The theme of identity is one that keeps resurfacing for me this year. First in “Journeys Into Literacy”, when participants were challenged to think of a “memory book” – the book you keep going back to re-reading and that led you to reading other similar books. For me, it was the book Jane Eyre by Charlotte Bronte. Our literacy leaders then challenged us to think about what this book reveals about our identity. Are you what you read? What path did this memory book set you on? We started thinking about our reading “diets” and what they revealed about us. I love historical fiction. This book set me on a path of reading the stories of various heroines in the past. I also like reading biographies as you can see in my “shelfie”:
Later on this year, in a leadership course, we were asked to write down 5 events that made a significant impact on us on Post It notes. Then, as a group, we created a timeline, sharing our events sequentially. It involved being a bit vulnerable and sharing some pretty personal information. It felt uncomfortable, but also created community.
Recently, a Grade 7 teaching invited me to collaborate with her in History. I told her about the leadership activity and we decided to try it with her students. Students wrote 5 significant events in their life and shared them with the group sequentially. Our timeline spanned from 2002-2015. There is probably a more tech savvy way to do this, but we went with this:
We then analyzed the events. They consisted of their own births, the births of their siblings, illnesses and surgeries, starting school, changing schools, starting different sports activities or hobbies etc. We then asked students what all of these events had in common. Students responded by saying that these events had an impact on who they became or involved big changes in their lives. It’s at this point that we shifted gears. We told students that it’s the same with history.

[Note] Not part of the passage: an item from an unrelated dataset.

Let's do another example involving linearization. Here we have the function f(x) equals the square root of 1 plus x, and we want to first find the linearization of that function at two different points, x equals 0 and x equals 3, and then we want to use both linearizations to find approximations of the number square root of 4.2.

For this next part, you could have heard a pin drop in the class. It was one of those magical moments when you KNOW you’ve got their attention. We went on to explain that there are events that are significant because they made a big impact on Canadian identity and involved big changes that are reflected in our world today. We expanded on the idea of what makes something significant, connecting their thoughts about their timeline to history.
Currently, students are working on their “top ten” significant events from 1713-1838. They have to rank them and explain why they are most significant. What do they reveal about our Canadian identity? How did they shape and change us? And I quote the Ontario Curriculum (p.130):
Historical importance is determined generally by the impact of something on a group of people and whether its effects are long lasting. Students develop their understanding that something that is historically significant for one group may not be significant for another. Significance may also be determined by the relevance of something from the past, including how it connects to a current issue or event.
I’m already thinking of the questions that I need to ask after their presentations to tease out the last two sentences in the quote above.
Once students explore each other’s projects, and we delve deeper into significance we’re going to move into “Historical Fiction” and the idea of perspective. I love the book “Jeremy’s War” by John Ibbitson for example because it speaks to students about the war of 1812 better than a history book can. The voice is of a boy about their age living through the war and conversations he has when he encounters significant people. This is a genre that straddles fiction and non-fiction.
And finally, we will be writing some historical fiction. They are going to choose the event that they connected with the most this year. I share with them my family history in Quebec and model the facts that I would use to create a story. I blogged about the same task at this time last year. They will create a “Choose Your Own Adventure” story in a Google Presentation format that will be told in the first person and include at least two different perspectives. If you Google “Choose Your Own Adventure Sylvia Duckworth”, you will find great templates, resources and instructions on how to do this.
This class will have had the chance to discuss history, read some historical fiction and then finally write about history. It makes me think of Rachel Wente-Chaney, a keynote speaker at the Google for Education summit in Kitchener a little while back. She started off by asking “What story do you want to tell?”. She continued to quote from “Consciousness Reconsidered” by Owen Flanagan of Duke University, who says that “evidence strongly suggests that humans in all cultures come to cast their own identity in some sort of narrative form. We are inveterate storytellers”. Don’t we all write our own history? It’s probably also defined by the stories we don’t tell…
And well, you can’t talk about impact without a good quote from Winston Churchill. How do you want to be remembered?